The fallout drove an unyielding wedge between the AFN and the sports ministry until allegations and counter allegations of corruption led to the impeachment of Gusau and the appointment of George as President of AFN in acting capacity.

The Federation has since then been factionlised despite interventions by the courts, the current Minister of Sports, Sunday Dare and the World Athletics (WA) and the Confederation of African Athletics (CAA) to broker a peaceful resolution of the impasse.

Even as late as June 14, less than a month to the sports fiesta, two different elections were held leading to the emergence of two presidents, each claiming to have been legitimately given a fresh mandate to lead the Federation.

Gusau organised and won an election in Birnin Kebbi, backed by his erstwhile factional opponent. This other election, which bore all the markings of legitimacy because it applied the 2017 Constitution as recommended by WA and CCA, had Minister Dare and the head of the Nigeria Olympic Committee (NOC), Habu Gumel, in attendance and took place at the AFN Complex in Abuja, where Chief Tonobok Okowa was elected as new president.

Just when you thought the ghost of bitterness had been rested, Gusau showed up, signed for and received the kits from Puma, showing he still wielded some leverage.

Apparently, the Okowa-led faction will be backed by the NOC, who will accept only the athletes he sends to them through the Presidency at an event scheduled for Monday, July 12 and make a clear demonstration of preference for Okowa’s base throughout the Olympic cycle to show where power lies between these two. The problems will not simply die off after the Olympic Games.

We are alarmed that the leadership crisis rocking the AFN could not be resolved before the Olympic games. If the body responsible for preparing a country’s contingent for the biggest sports event in the world is in crisis what is the assurance that the problem will not colour the management and performance of Nigerian athletes need at the Summer Games.?

How far these squabbles can go to scuttle the chances of some sportsmen and women at the Games is not easy to compute, but the disqualification of the country’s 4x400m relay team for irregularities, the absence of race cones after their superb qualification race is an example of how a divided house can miss the small details that can be deleterious to Team Nigeria’s chances.

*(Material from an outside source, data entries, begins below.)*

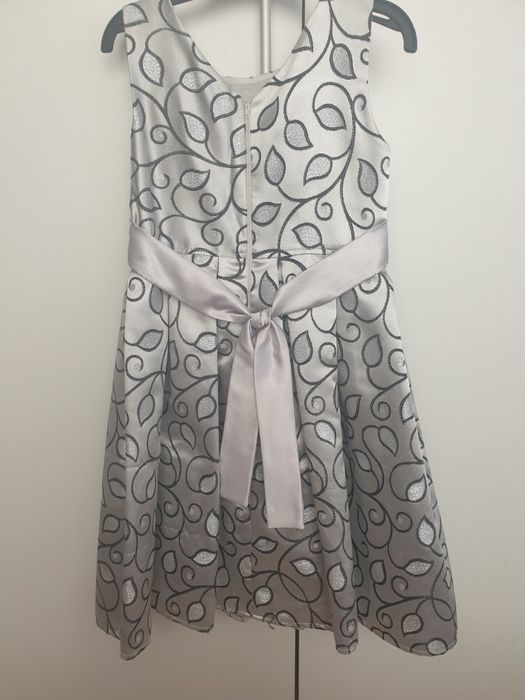 Официални рокли ..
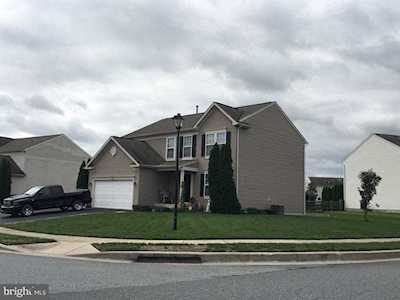 16 Lone Tree Dr Camden Wyoming, DE 19934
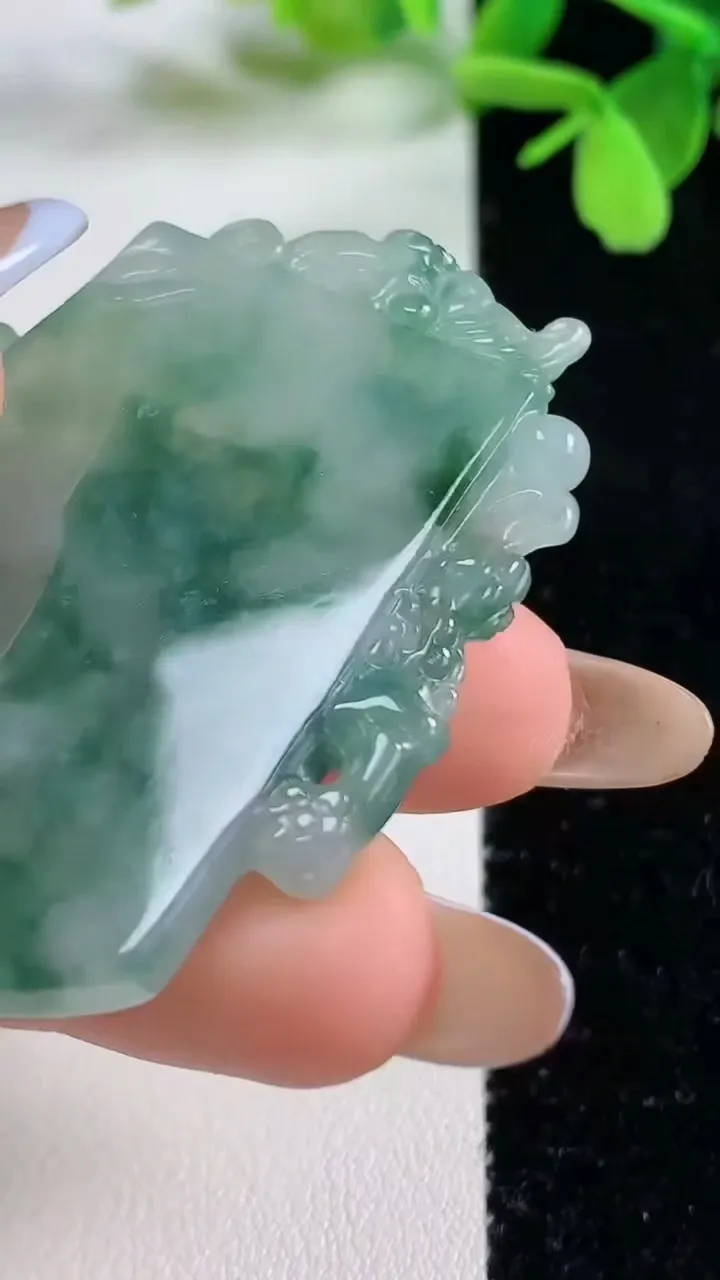 天然A货翡翠冰种飘花鸟语花香吊坠，尺寸49.7-40-4.6，重量:22.18g
11月3日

The claim by a senior official of the AFN that Nigerian athletes will not use the Puma kits as they are subjects of a police investigation levelled against Gusau’s administration is another case in point. At so close a time to the Games, available kits and equipment cannot be used because there is no love lost between factions fighting selfish battles to the detriment of athletics, in general, and the athletes, in particular.

Of the 25 medals that Team Nigeria have won at the Olympic Games, 13 have come from track and field. The first-ever individual gold medal, which the amazon Chioma Ajunwa won for the country, was in the women’s long jump event at the Atlanta Games in 1996. Since then, it has been silver medals, with the Beijing Olympics in 2008, where Blessing Okagbare won silver in the women’s long jump, and the quartet of Gloria Kemasuode, Halimat Ismaila, Franca Idoko and Damola Osayomi gave the country another in the women’s 4x100m event.

It is indeed a shame that the AFN could not put aside selfish interests and power play for the sake of Nigeria’s image and glory and seek sensible means of charting a way forward.

The preparation for the Tokyo Games has not been ideal and expecting the best of our athletes under these conditions is to say the least to hope against hope. Who knows, more embarrassment may be in the offing for the country offshore because a house divided against itself cannot stand.

We can only hope they rise above the prevailing circumstances. Nigeria has got more pressing challenges to contain at home. Exporting more troubles outside at a global fiesta would be the least expected of AFN officials. Too bad.